> [TASK ITEM]
Repeat the listing word for word. No pictures belong in the copy.

> [DATA]

--

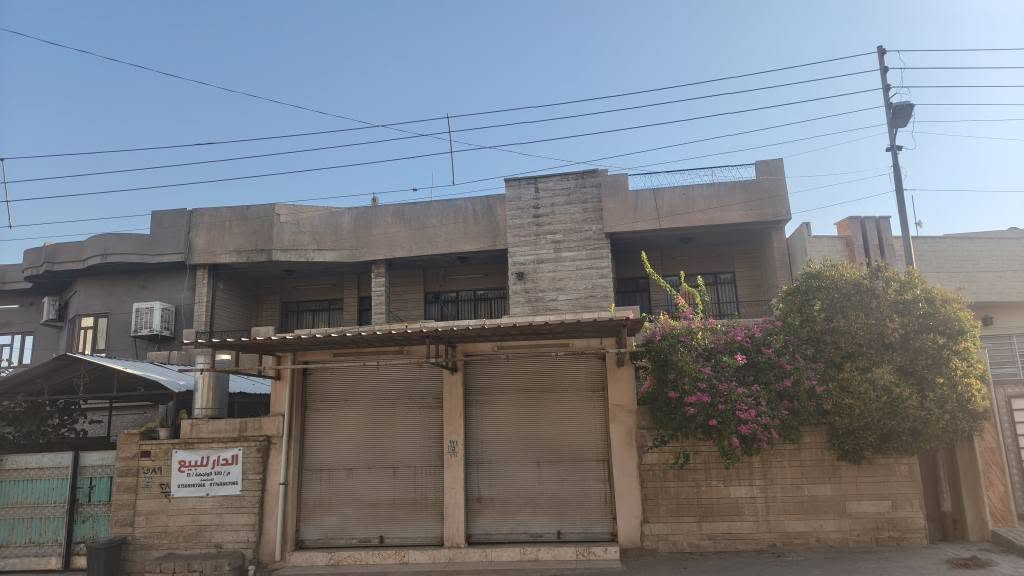 السلام عليكم بيت للبيع وكذلك صالح  للسكن  المساحة ٣٢٠ الواجهة ١٥  للاستفسار التواصل على الارقام ***********
***********
الموقع موصل الايسر حي الوحدة موصل, نينوى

--

> [ANSWER SPACE]
 السلام عليكم بيت للبيع وكذلك صالح  للسكن  المساحة ٣٢٠ الواجهة ١٥  للاستفسار التواصل على الارقام ***********
***********
الموقع موصل الايسر حي الوحدة موصل, نينوى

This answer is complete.